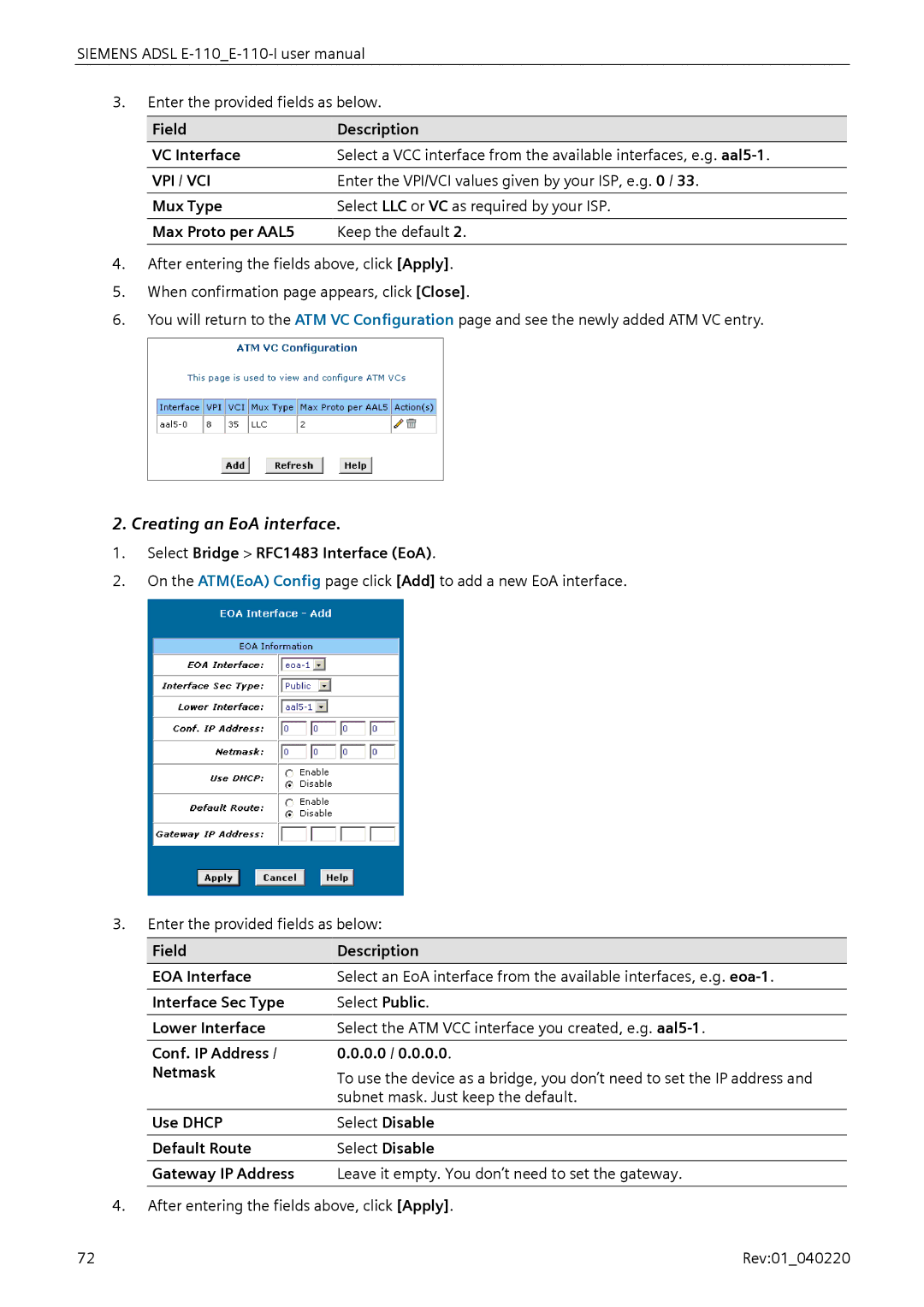 Siemens E-110-I user manual Creating an EoA interface, Field Description VC Interface, Mux Type, Max Proto per AAL5 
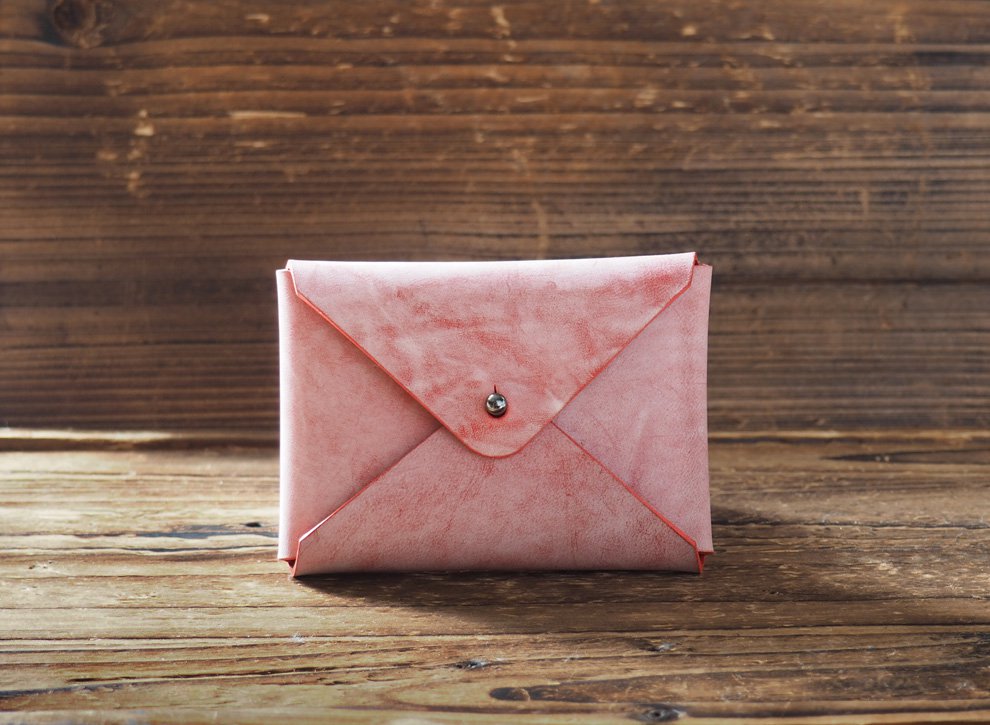 Handmade Leather Business card holder Credit card holder Slim Card wallet coin purse Wax #Red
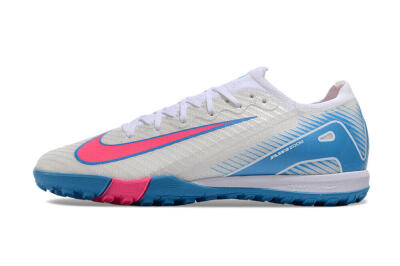 Nike Air Zoom Mercurial Vapor 16 Elite TF Low-Tops Soccer Shoes - White/Pink/Blue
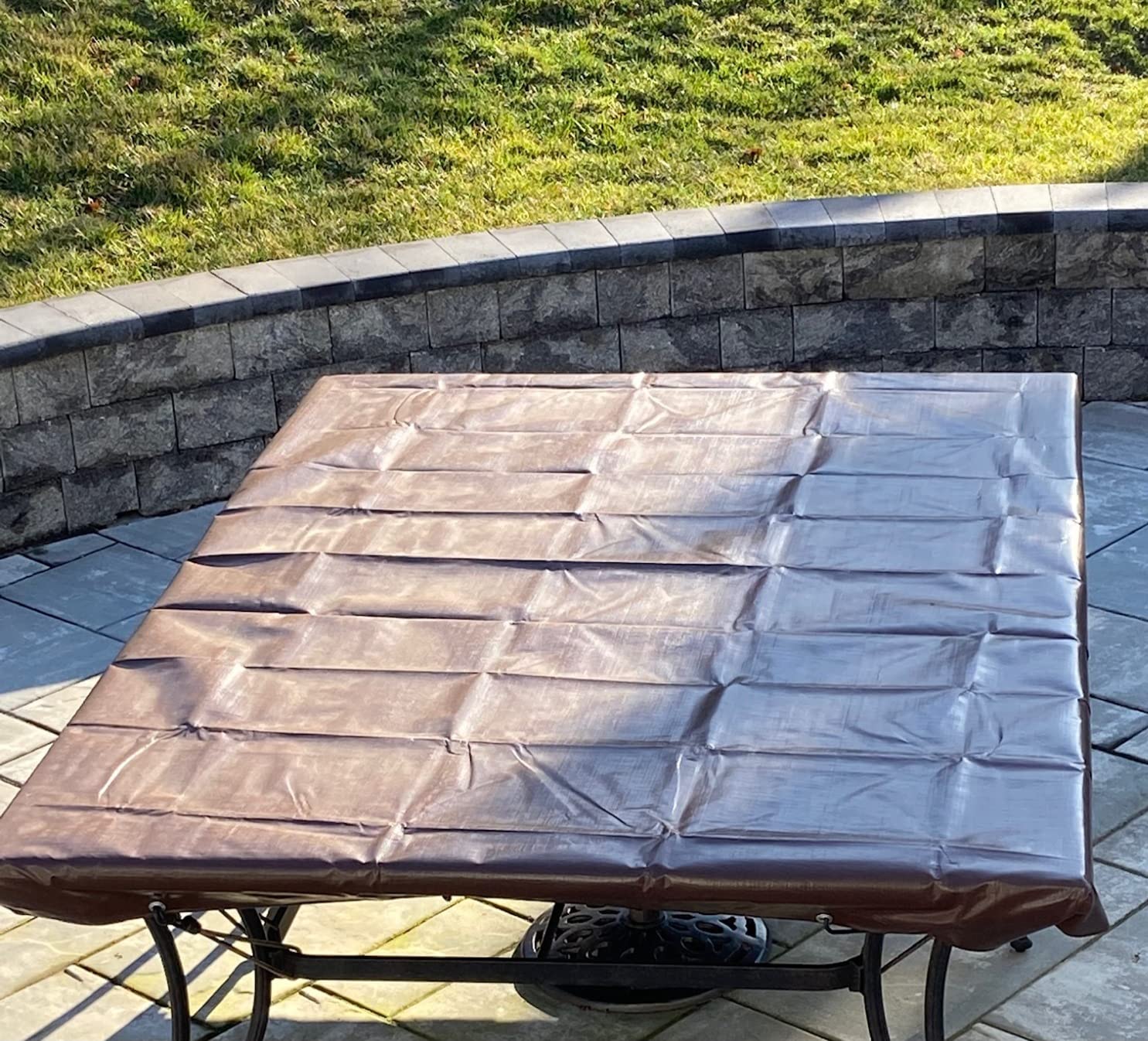 6' x 8' Super Heavy Duty 16 Mil Brown Poly Tarp Cover - Thick Waterproof, UV Resistant, Rip and Tear Proof Tarpaulin with Grommets and Reinforced Edges - by Xpose Safety customer photo 2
--------------------------------------------------
▶ _Task prompt_
Return the material as it stands. Leave out the pictures.

▶ _Completed task_
 Siemens E-110-I user manual Creating an EoA interface, Field Description VC Interface, Mux Type, Max Proto per AAL5 
 Handmade Leather Business card holder Credit card holder Slim Card wallet coin purse Wax #Red
 Nike Air Zoom Mercurial Vapor 16 Elite TF Low-Tops Soccer Shoes - White/Pink/Blue
 6' x 8' Super Heavy Duty 16 Mil Brown Poly Tarp Cover - Thick Waterproof, UV Resistant, Rip and Tear Proof Tarpaulin with Grommets and Reinforced Edges - by Xpose Safety customer photo 2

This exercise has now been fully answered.